This was my thinking too. In my old BIAB setup I removed the false bottom when I pulled the grain bag for this reason. When moving to the guten, I started reading posts in the guten/brewzilla threads about how well the false bottom works for removing the trub, and no reported issues, so I thought the heat must be spreading well enough across the whole bottom of the kettle and making it a non-issue. Maybe this is the case for the 10A versions but the 15A ones get too hot locally? In any case I think I am done with the false bottom. I'll run bareback for a while and see how I go.


----------



## Hangover68

Starting to look at upgrading my basic BIAB system to a Guten , 40l or 50L.
I have only done single 23l batches so far which would make the 40l unit the ideal size but for the little extra i may as well go for the 50l.
My only concerns are the 15a requirement and doing mostly 23l batches in the 50l unit, i think i read a while ago that small batches were ago but not going to sift thru 110 pages to find where i read it.


----------



## Grmblz

Hangover68 said:


> My only concerns are the 15a requirement and doing mostly 23l batches in the 50l unit, i think i read a while ago that small batches were ago but not going to sift thru 110 pages to find where i read it.


What exactly is the question? None of this makes any sense. What the hell is "ago"


----------



## duncbrewer

Hangover68 said:


> Starting to look at upgrading my basic BIAB system to a Guten , 40l or 50L.
> I have only done single 23l batches so far which would make the 40l unit the ideal size but for the little extra i may as well go for the 50l.
> My only concerns are the 15a requirement and doing mostly 23l batches in the 50l unit, i think i read a while ago that small batches were ago but not going to sift thru 110 pages to find where i read it.

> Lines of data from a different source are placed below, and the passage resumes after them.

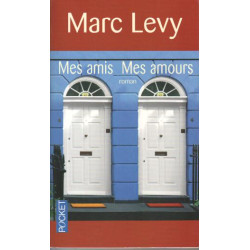 Mes Amis mes Amours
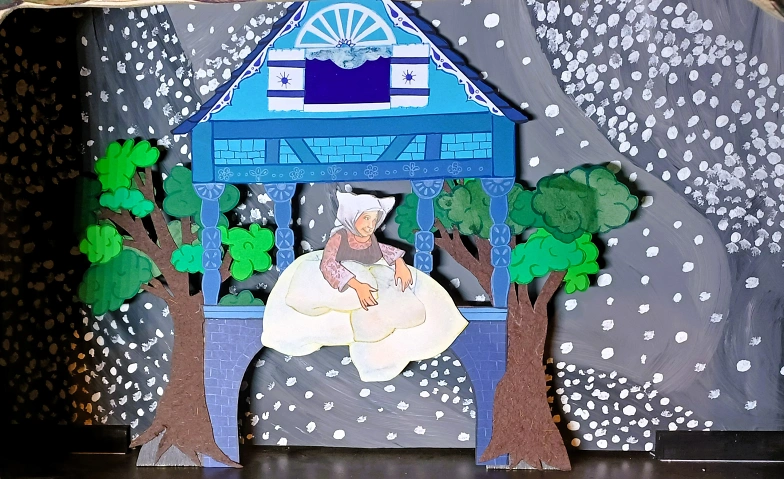 Event-Image for 'Frau Holle'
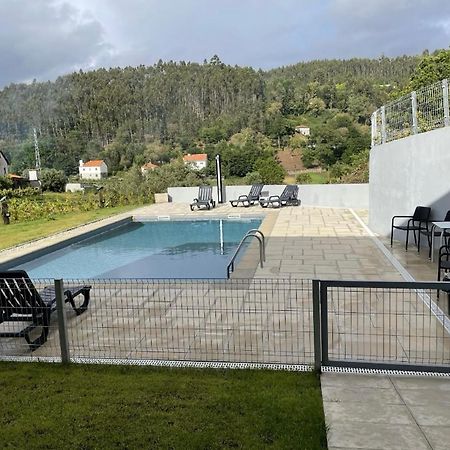 Viana Do Castelo - Amonde Village -Casa A * Relax Exterior foto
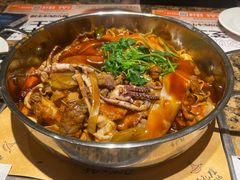 -黄记煌三汁焖锅(金凤万达广场店)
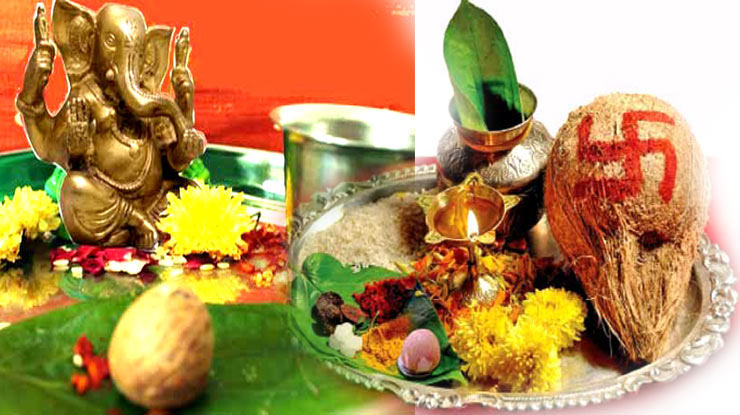 PunjabKesari, kundli tv, lord ganesha image, ganesh pujan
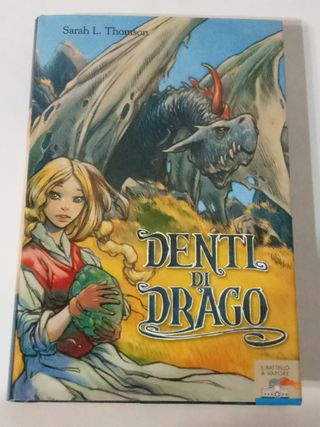  Denti di drago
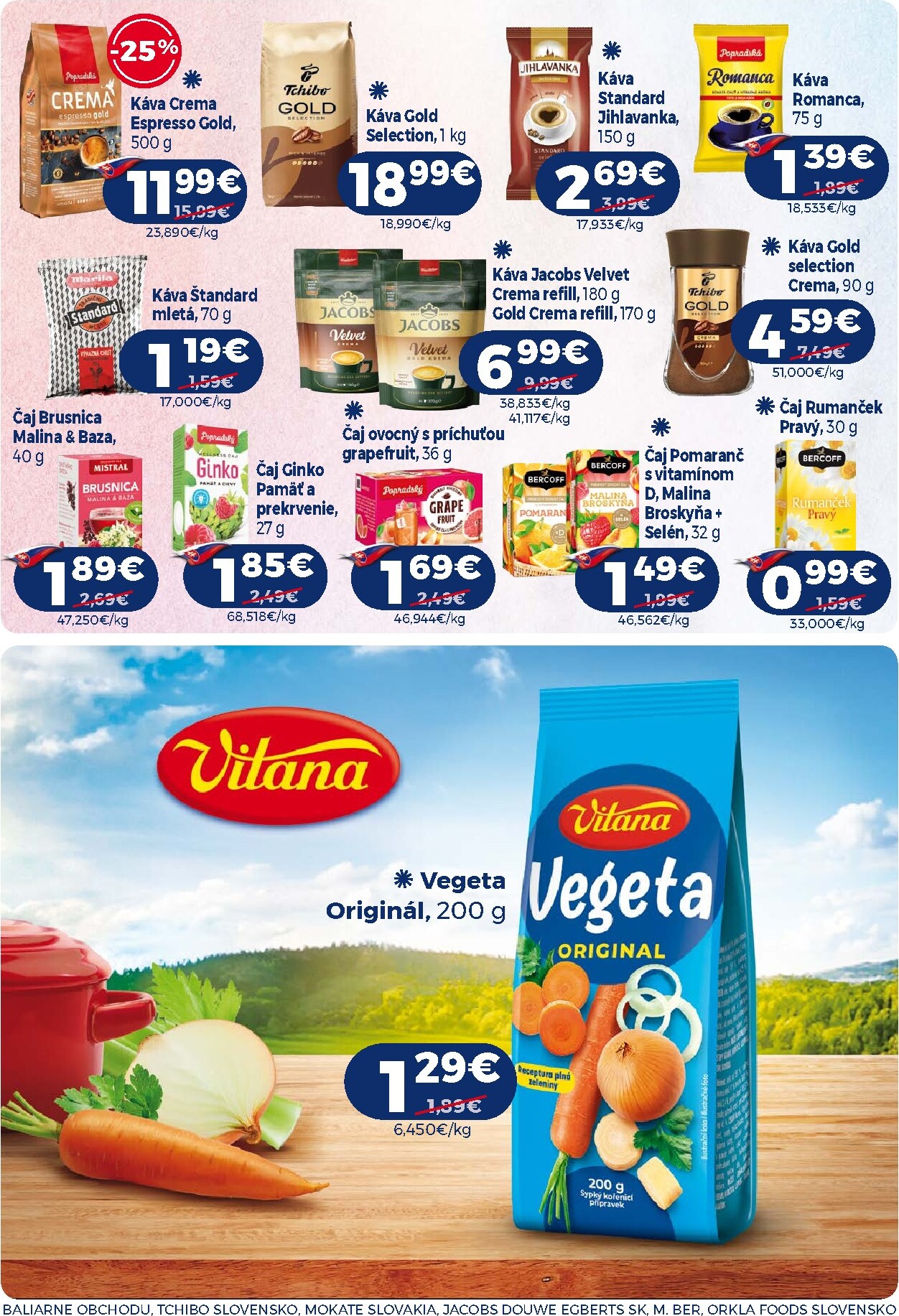 milk-agro - Nový Milk Agro leták od stredy, 05.08.2026 do utorka, 18.08.2026 - page: 12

Well I regularly do fermenter batches of 23 to 30 litres in the Guten 70 litre.
It's not just the volume of your batch but also the gravity, if you wanted to make 20 litres of high gravity beer in one batch on the 40 you wouldn't manage it. Little more volume gives you flexibility and reduces boil stress on smaller batches.


----------



## Hangover68

Grmblz said:


> What exactly is the question? None of this makes any sense. What the hell is "ago"



Typo, should be "ok". Its pretty clear what i was asking.


----------



## Hangover68

duncbrewer said:


> Well I regularly do fermenter batches of 23 to 30 litres in the Guten 70 litre.
> It's not just the volume of your batch but also the gravity, if you wanted to make 20 litres of high gravity beer in one batch on the 40 you wouldn't manage it. Little more volume gives you flexibility and reduces boil stress on smaller batches.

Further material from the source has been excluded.